A faithful transcription of all the data, images excluded, is the required answer.

[[ Material supplied open ]]

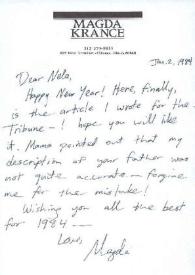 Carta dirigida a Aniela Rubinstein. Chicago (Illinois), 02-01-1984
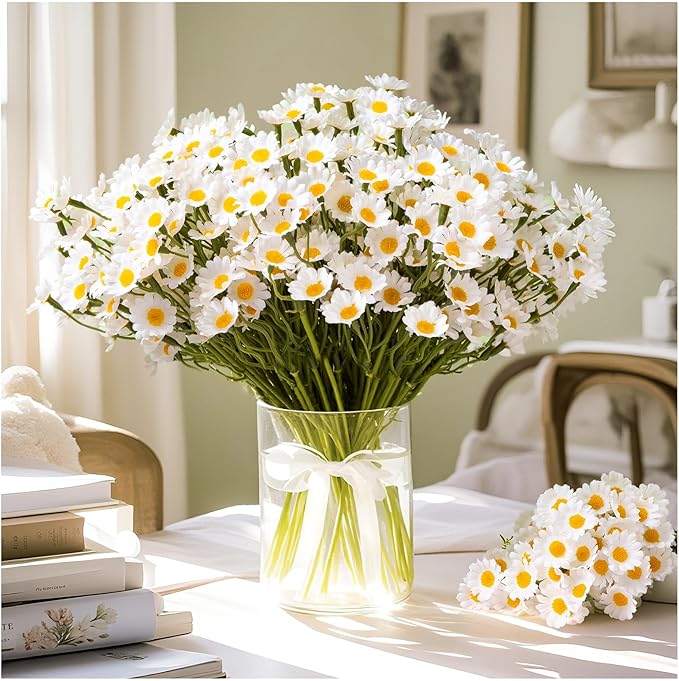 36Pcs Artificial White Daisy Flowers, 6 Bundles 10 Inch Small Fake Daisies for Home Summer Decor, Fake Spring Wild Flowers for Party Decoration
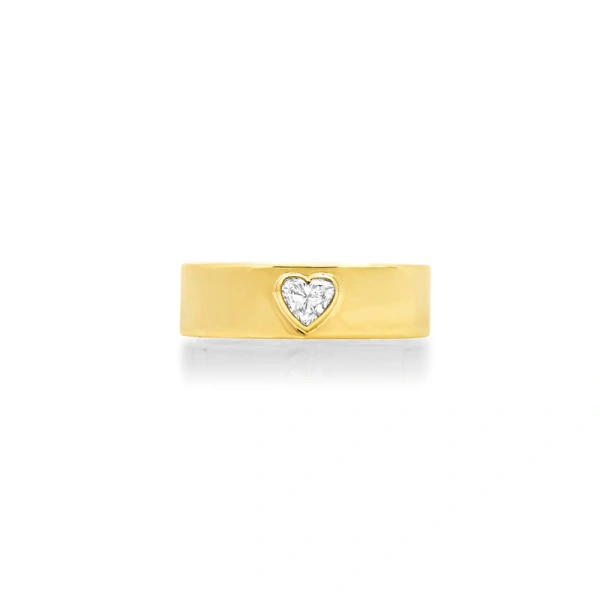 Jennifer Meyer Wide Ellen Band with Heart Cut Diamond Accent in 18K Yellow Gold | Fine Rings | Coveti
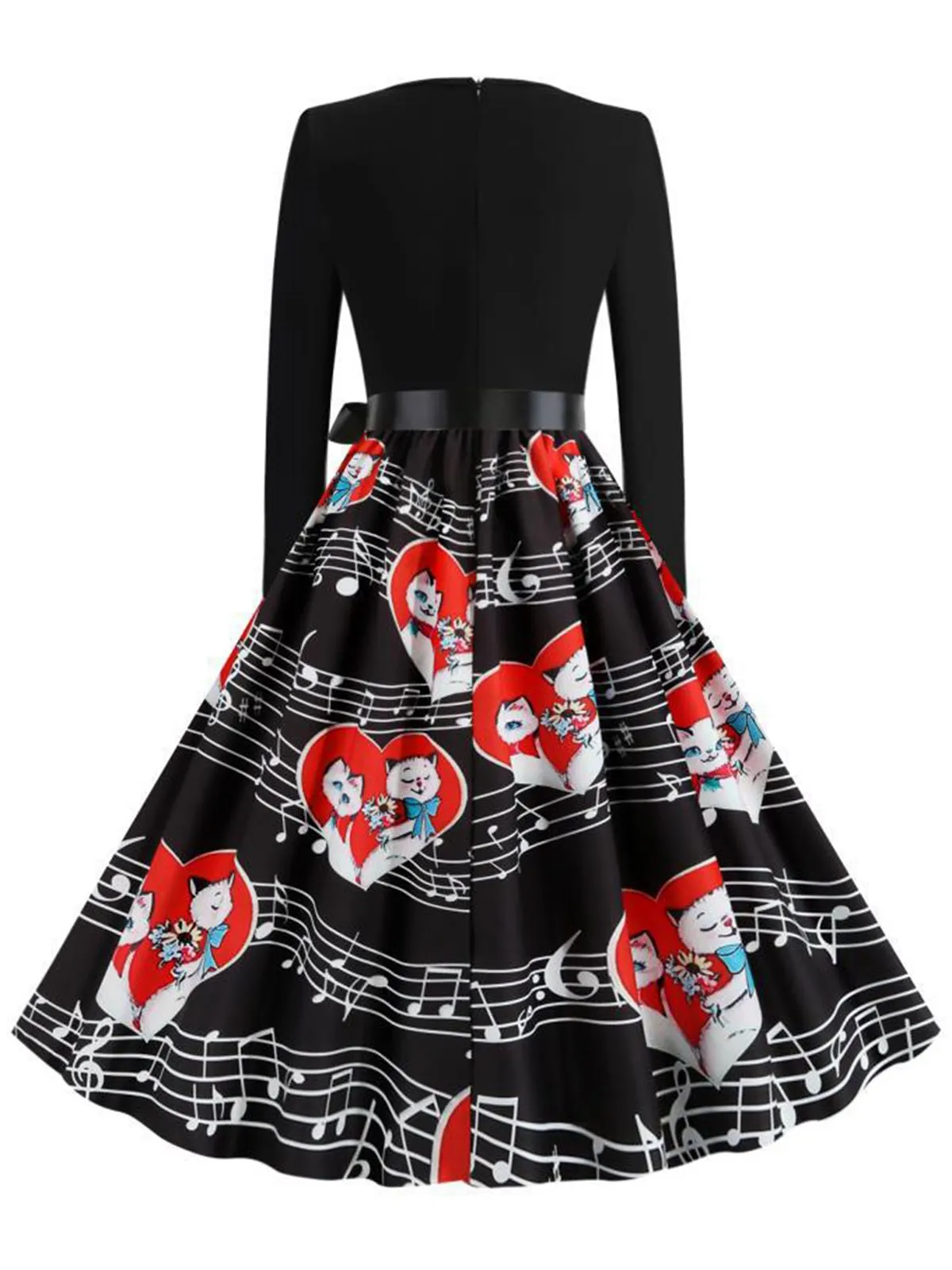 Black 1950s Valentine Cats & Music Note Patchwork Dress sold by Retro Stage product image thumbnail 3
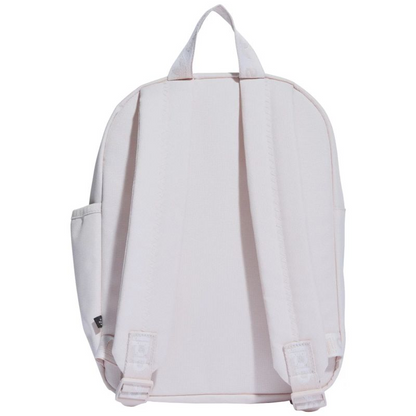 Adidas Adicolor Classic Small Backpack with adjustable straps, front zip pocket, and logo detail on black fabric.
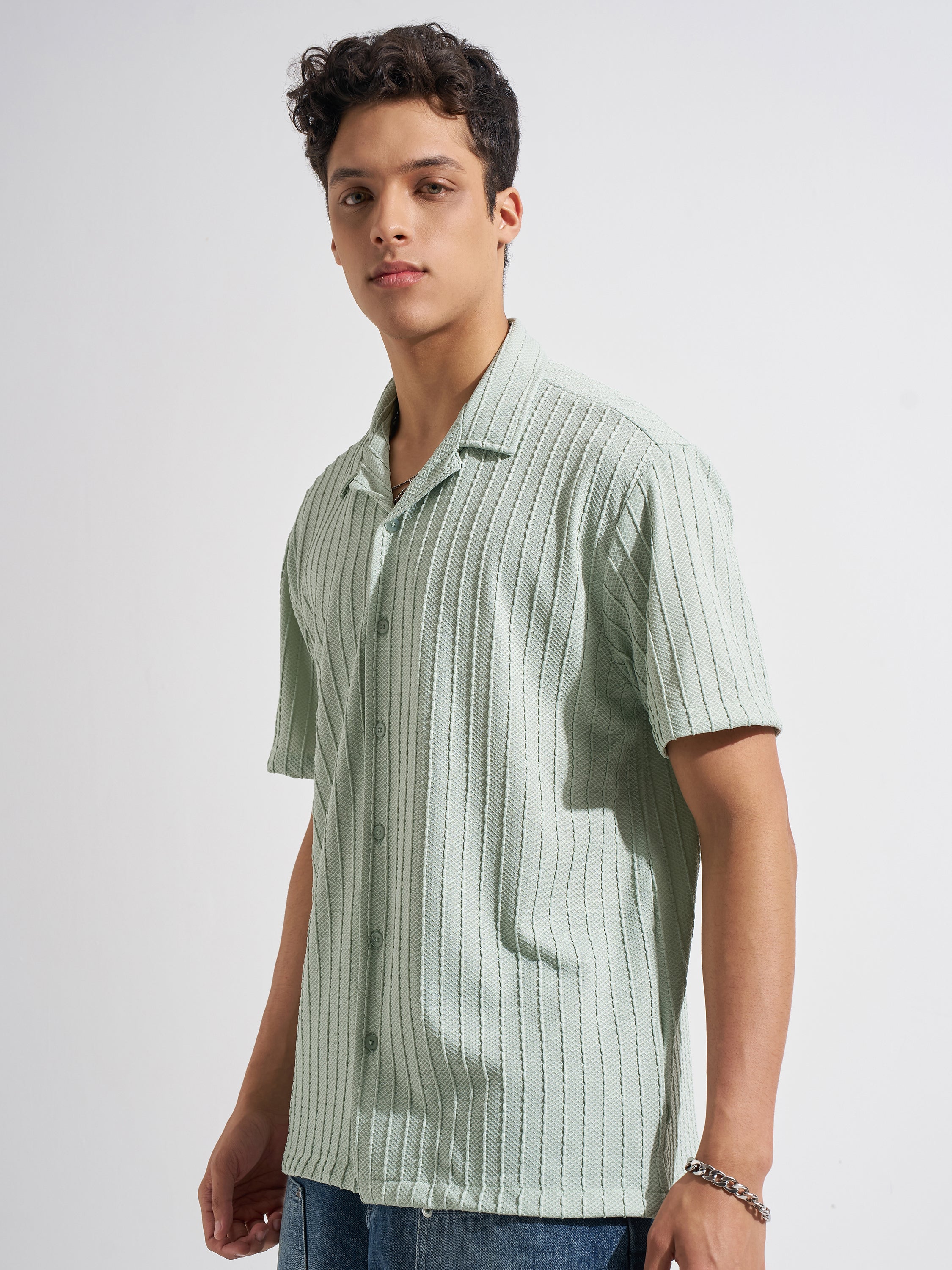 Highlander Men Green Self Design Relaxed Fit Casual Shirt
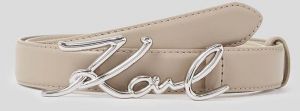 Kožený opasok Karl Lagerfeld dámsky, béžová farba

[[ Material supplied closed ]]

* [Response]:
 Carta dirigida a Aniela Rubinstein. Chicago (Illinois), 02-01-1984
 36Pcs Artificial White Daisy Flowers, 6 Bundles 10 Inch Small Fake Daisies for Home Summer Decor, Fake Spring Wild Flowers for Party Decoration
 Jennifer Meyer Wide Ellen Band with Heart Cut Diamond Accent in 18K Yellow Gold | Fine Rings | Coveti
 Black 1950s Valentine Cats & Music Note Patchwork Dress sold by Retro Stage product image thumbnail 3
 Adidas Adicolor Classic Small Backpack with adjustable straps, front zip pocket, and logo detail on black fabric.
 Highlander Men Green Self Design Relaxed Fit Casual Shirt
 Kožený opasok Karl Lagerfeld dámsky, béžová farba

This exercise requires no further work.